Friday, November 22, 2013

Avatar World: MC Plots

I still know nothing about this game. Google tells me it's a life simulator, which means nothing to me. I've caught on that it's anime as hell, but the soundtrack continues to be absolutely stellar. Like, unbelievably so. I guess one shouldn't underestimate a triple-A title that's actually focused on its music as a central point.

IMPORTANT: As this post is about story structure, I talk about and make reference to specific events from Korra: Season 1. I don't touch of Season 2, but if you wish to remain unspoiled on Season 1, you should watch it before reading this.

So, if you were looking even not-so-closely at the newest version of Avatar World, you'll see that the Chi mechanic is technically still incomplete. Not insomuch as the mechanic can't be used, but it lacks a major component of balance for multi-session games: MC Plots. The idea that spending your Chi contributes to the forward motion of the bad guys' schemes is a mechanism to counteract the power of Chi.

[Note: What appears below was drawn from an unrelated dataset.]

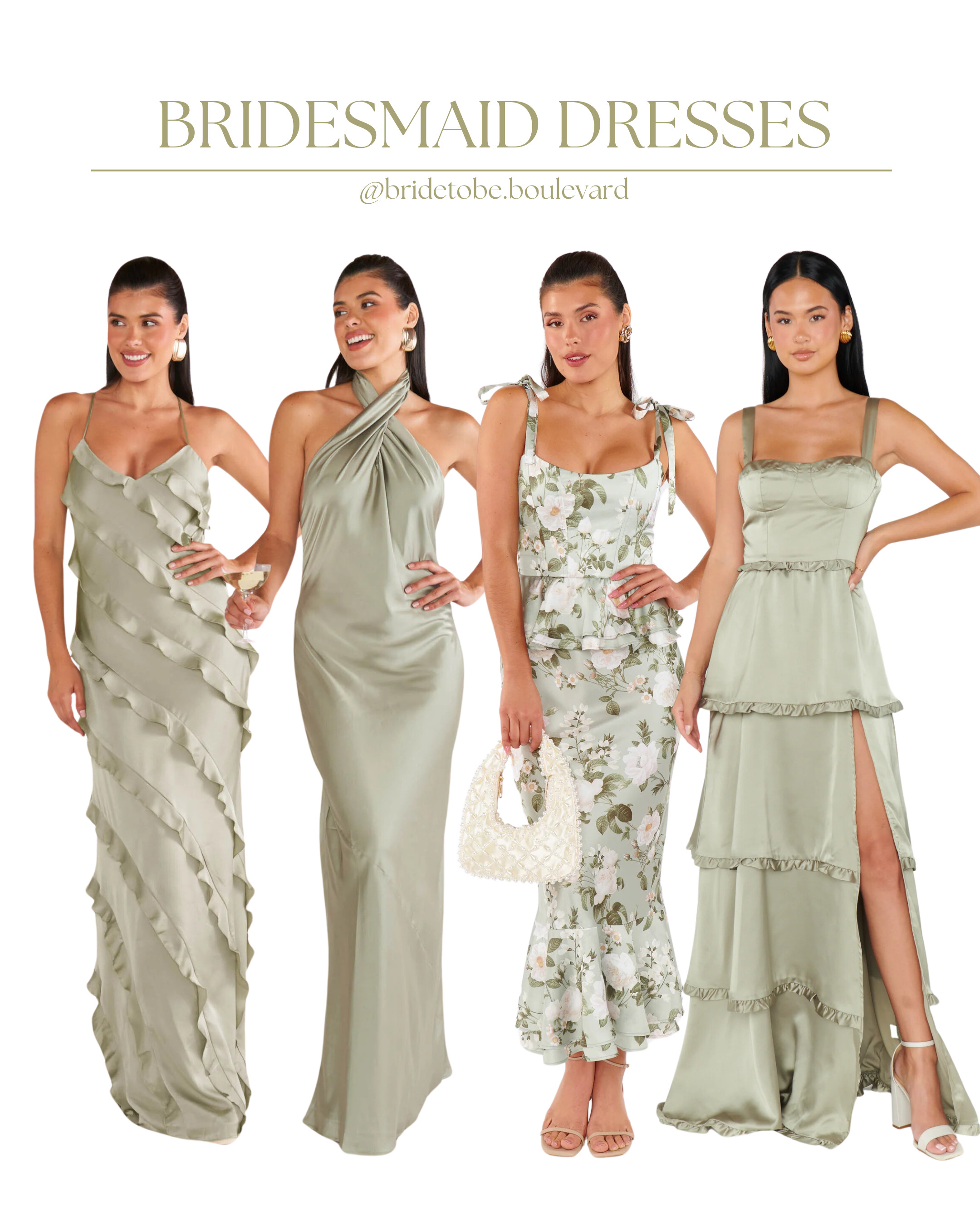 🌿 Simply Sage 🌿 These sage green bridesmaid dresses are perfect for a timeless and elegant look at any wedding! Ideal for spring and summer celebrations, this versatile shade complements any venue, from lush gardens to chic modern settings. Shop these gorgeous picks now! #BridesmaidStyle #SageGreen #WeddingInspo #LTKBridal 

 #LTKParties #LTKStyleTip #LTKWedding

Oh yeah, I should mention: in the one playtest I was recently in using the new rules, the general feedback was that an automatic 7-9 wasn't quite enticing enough to them compared to chi's use as XP. My instinct says "I'm not sure how true that is of all groups" (we were all regulars with a large love of what happens on failure anyway, so the risk of rolling tended to be worth it), but I suspect that's just attachment to my mechanic. Of course, it was one game; nothing is quite changing until I see a little more feedback, but over the past couple weeks I'm starting to lean toward empowering Chi again, straight up to "bump your roll up from 6- to 7-9 or 7-9 to 10+", which is strong but I think that matched with Chi's dual use as XP and the trouble it causes with MC Plots will still scare down any constant use. It become a wickedly powerful tool in one-shots, where MC Plots are less relevant and XP isn't all that desirable anyway compared to success, but I'm still thinking it might be the smart move.

I'm getting ahead of myself though, those are changes for a future version. Today is about filling in a gap, or more accurately talking about filling in a gap. Let's start from the top.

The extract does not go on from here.